I'm dealing with a completely interlaced NTSC source, which is TFF and has an alternate scan type, according to bitrate viewer... Anyway, when I use autodetect in dif4u it wants to deinterlace it...ok, no problem, but after I encode it I notice that the video is fine except in high motion scenes, where there is a ghosting effect...so then I deselect TFF in DoCCEWS and try again, and I get the same problem :( So then I just try to keep it interlaced: so then disable autodetect in dif4u, let it do its thing, load up DoCCEWS and select only TFF and Alternate Scan, and the whole thing is jerky on my TV...I try again, disabling TFF and get similar results :( Anyone know if there's something specific i'm missing in dealing with this?
no idea. telecine works fine for me... When you CCE something, you set the parameters up as what the final output will be. So for deinterlacing, it matters not if you select TFF or BFF. The important thing would be that you use zigzag, not alternate, as the output is going to be progressive.

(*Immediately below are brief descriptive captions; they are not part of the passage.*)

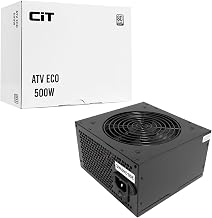 ATV Eco 500W PSU – Power Supply Unit with Active PFC - Single +12V Rail - 120mm Low-Noise Fan - Full Circuit Protection - Flat Black Cables - 80 Plus Bronze Certified | Black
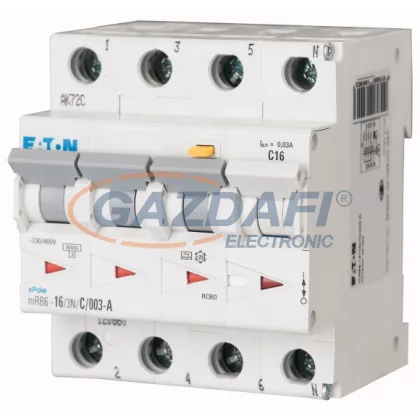 EATON 120681 mRB4-20/3N/C/03-A Áramvédő kismegszak. 4,5kA 3p+N EATON 120681 mRB4-20/3N/C/03-A Áramvédő kismegszak. 4,5kA 3p+N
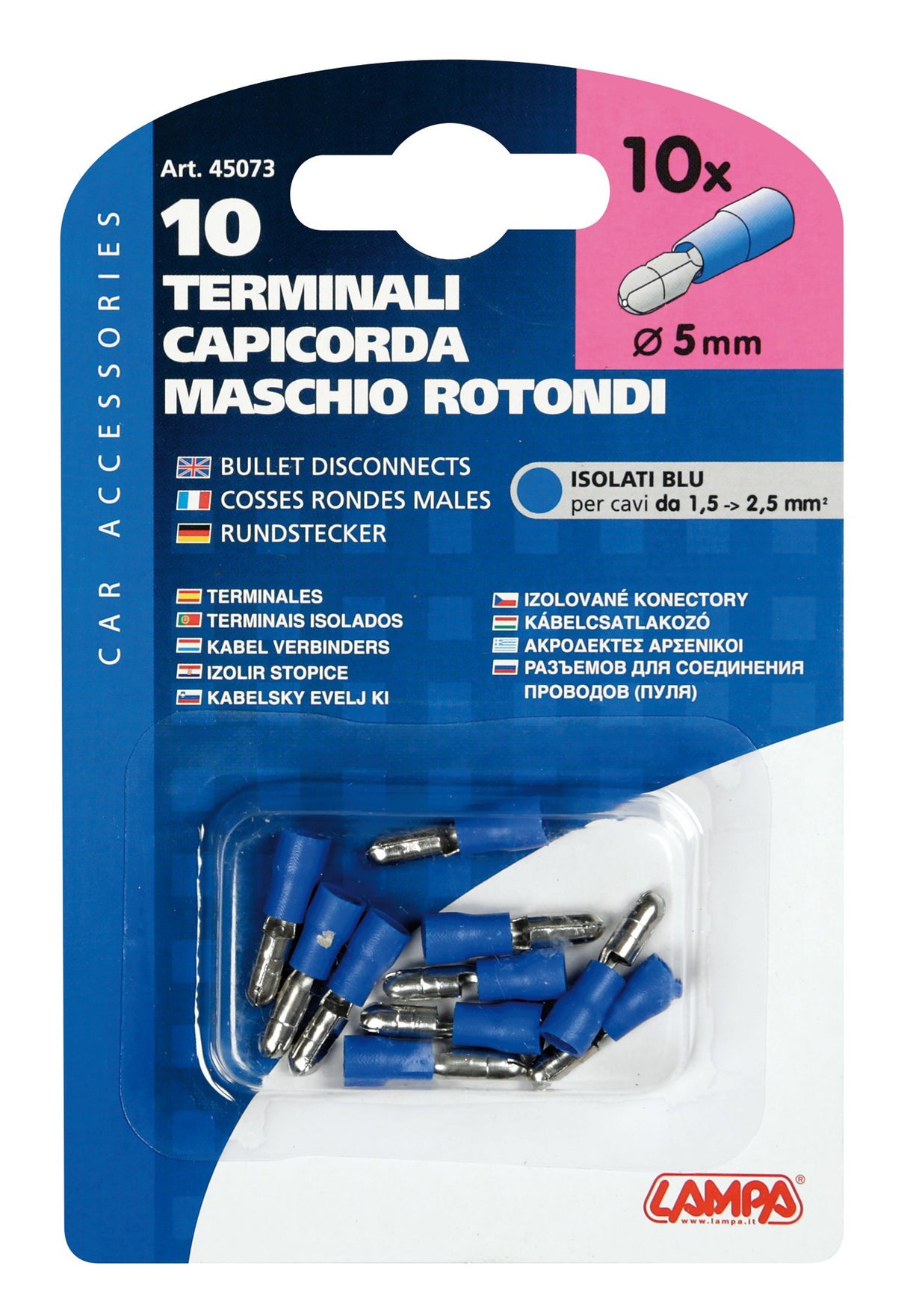 10 terminali - capicorda maschio rotondi - Blu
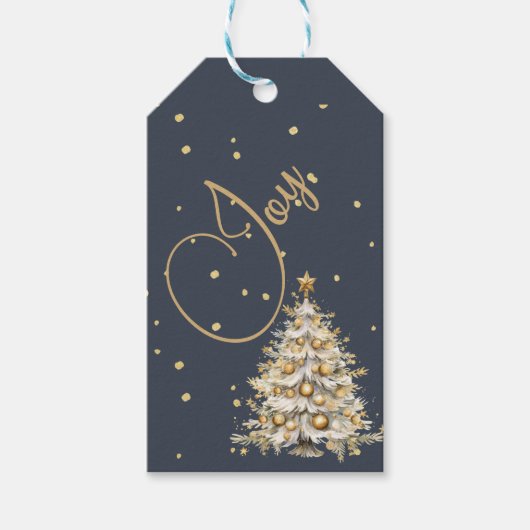 Weihnachts Gruß Joy Blue Gold Farbbaum Geschenkanhänger (Vorderseite)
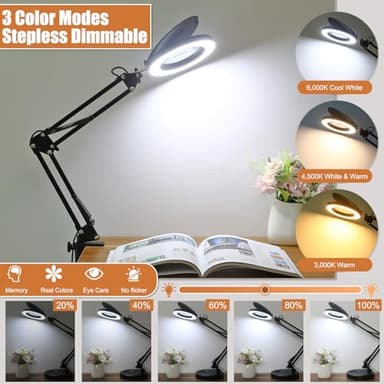 Veemagni 10X Magnifying Glass with Light and Stand, 2-in-1 LED Magnifying Desk Lamp with Clamp & Lens Cover, 3 Color Modes Stepless Dimmable Hands Free Lighted Magnifier for Crafts Reading Painting - Image 5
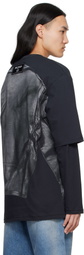 Balmain Black Long Sleeve Biker Jacket Print T-shirt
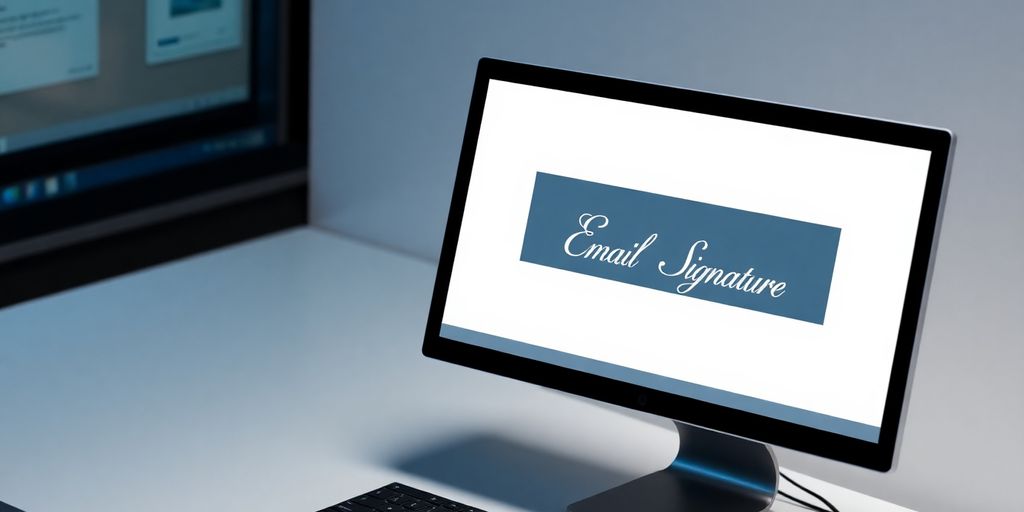 Modern workspace with a digital email signature design.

Regarding your jumpy video when you didn't deinterlace, it sounds like the field precedence is backwards. Your video is playing fields in the order 2-1-4-3-6-5 instead of in the order 1-2-3-4-5-6. You can use pulldown to correct the field order without re-encoding. The syntax is something like: Code:
i think i'll try that pulldown trick out right now... so, if the source is TFF and alternate, in doccews i select "TFF" and "Alternate" right? Only reason I ask is, upon researching a couple of threads in this forum i've read conflicting suggestions; some say to deselect "TFF" if bitrate viewer says its TFF, others say to select it........... :(
You can use these approaches to find the field order of the original, but it won't work to check the field order on your output. The field order on playback is determined by the TFF flags in the MPG stream. For example, the AviSynth and TMpgEnc approaches will show the same even=smooth, odd=jerky behavior on your output, regardless of how you have the TFF flags set (and incidentally, even=smooth or jerky will exactly match the original, regardless of TFF setting - it can be very misleading). As far as I'm aware, the only truly explicit way to check the field order is to play it on a TV.